1. Vesting Schedule. Except as set forth below, and subject to the discretion of the Administrator (as defined in Section 2 of the Plan) to accelerate the vesting schedule hereunder, the restrictions and conditions of Paragraph 5 of this Award shall lapse on the following vesting dates: [________________________]. Upon the occurrence of a Sale Event of the Company, this Award shall become fully vested, whether or not this Award or any portion hereof has otherwise vested at such time.
2. Issuance of Shares of Stock. As soon as practicable following each vesting date (but in no event later than two and one-half months after the end of the year in which the vesting date occurs), the Company shall issue to the Grantee the number of shares of Stock equal to the aggregate number of Restricted Stock Units that have vested pursuant to Paragraph 1 of this Award on such date and the Grantee shall thereafter have all the rights of a stockholder of the Company with respect to such shares.
3. Termination of Employment. If the Grantee’s employment by the Company or a Subsidiary is terminated, any Restricted Stock Units that have not vested as of such date may be subject to termination without notice and be forfeited as set forth below. In the case of termination and forfeiture, neither the Grantee nor any of his or her successors, heirs, assigns, or personal representatives will thereafter have any further rights or interests in such unvested Restricted Stock Units.
(a) Termination Due to Death. If the Grantee’s employment terminates by reason of the Grantee’s death and the Grantee has not reached the Grantee’s Retirement Date (as defined below), any Restricted Stock Units which have not vested shall be immediately terminated and forfeited.

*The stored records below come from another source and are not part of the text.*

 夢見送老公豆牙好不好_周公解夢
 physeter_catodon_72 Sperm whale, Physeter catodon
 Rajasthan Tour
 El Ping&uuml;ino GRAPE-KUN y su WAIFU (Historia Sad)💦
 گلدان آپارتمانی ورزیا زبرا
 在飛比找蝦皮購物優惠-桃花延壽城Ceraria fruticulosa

(b) Termination Due to Disability. If the Grantee’s employment terminates by reason of the Grantee’s Disability (as determined by the Administrator), any Restricted Stock Units which have not vested shall be immediately terminated and forfeited.
(c) Termination Due to Retirement or Death on or after the Retirement Date. If the Grantee’s employment terminates by reason of the Grantee’s retirement or death on or after the date (the “Retirement Date”) on which (i) the Grantee has reached the age of 64, (ii) the sum of the Grantee’s age plus length of employment with the Company equals or exceeds 79 years and (iii) any of the Restricted Stock Units have been outstanding for more than one year from the Grant Date, any Restricted Stock Units which have not vested shall be deemed to be fully vested as of the date of such retirement or death, as applicable.

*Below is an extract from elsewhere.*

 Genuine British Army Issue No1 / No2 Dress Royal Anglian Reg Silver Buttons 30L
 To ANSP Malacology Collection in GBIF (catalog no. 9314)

(d) Termination for Cause. If the Grantee’s employment terminates for Cause, any Restricted Stock Units which have not vested shall be immediately terminated and forfeited.

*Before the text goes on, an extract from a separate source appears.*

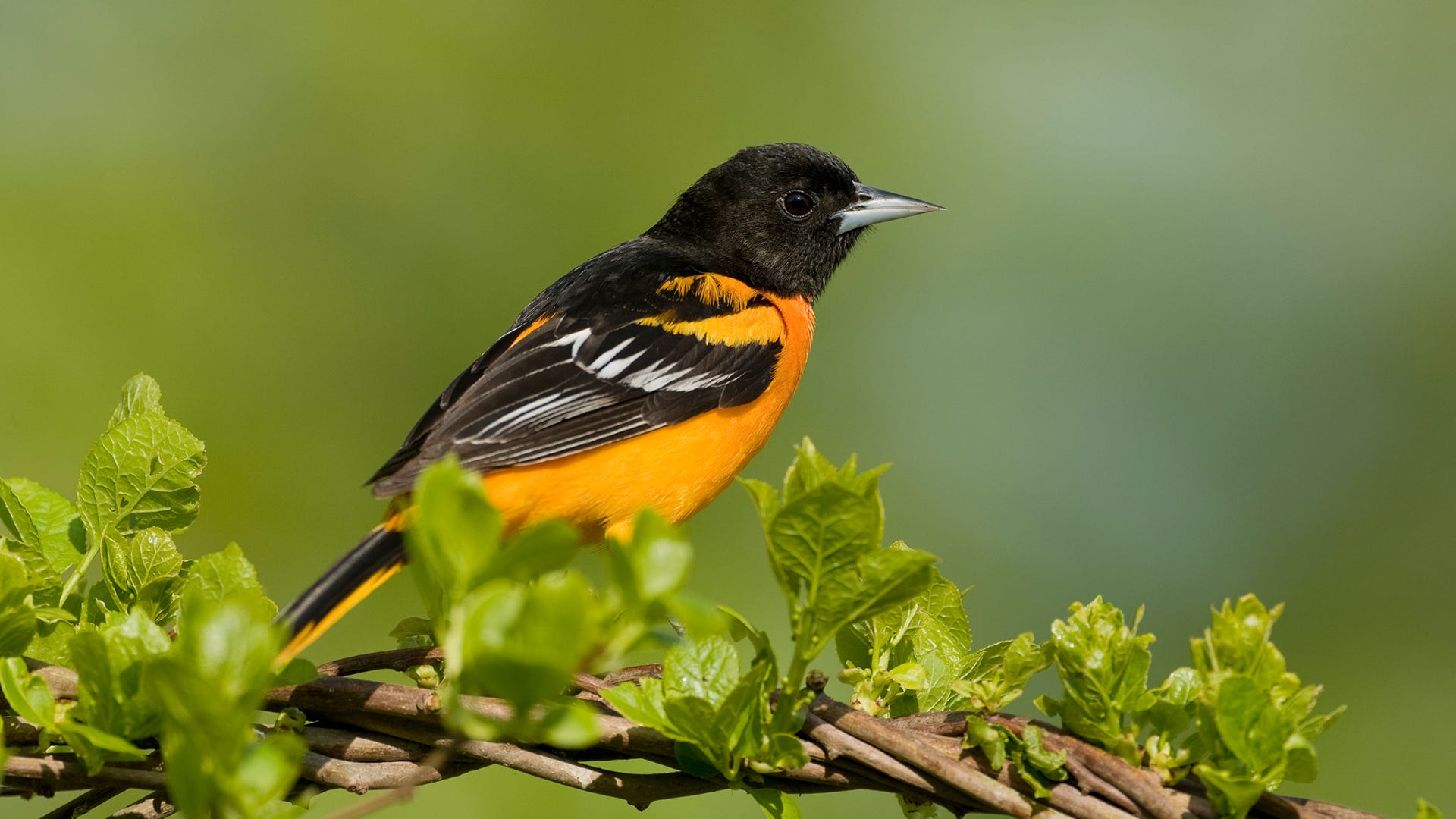 1920x1080 How to Attract Orioles This Spring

(e) Other Termination. If the Grantee’s employment terminates for any reason other than the Grantee’s death, the Grantee’s Disability, the Grantee’s retirement or death on or after the Retirement Date or Cause, each pursuant to the terms above, and unless otherwise determined by the Administrator, any unvested Restricted Stock Units which have not vested shall be immediately terminated and forfeited.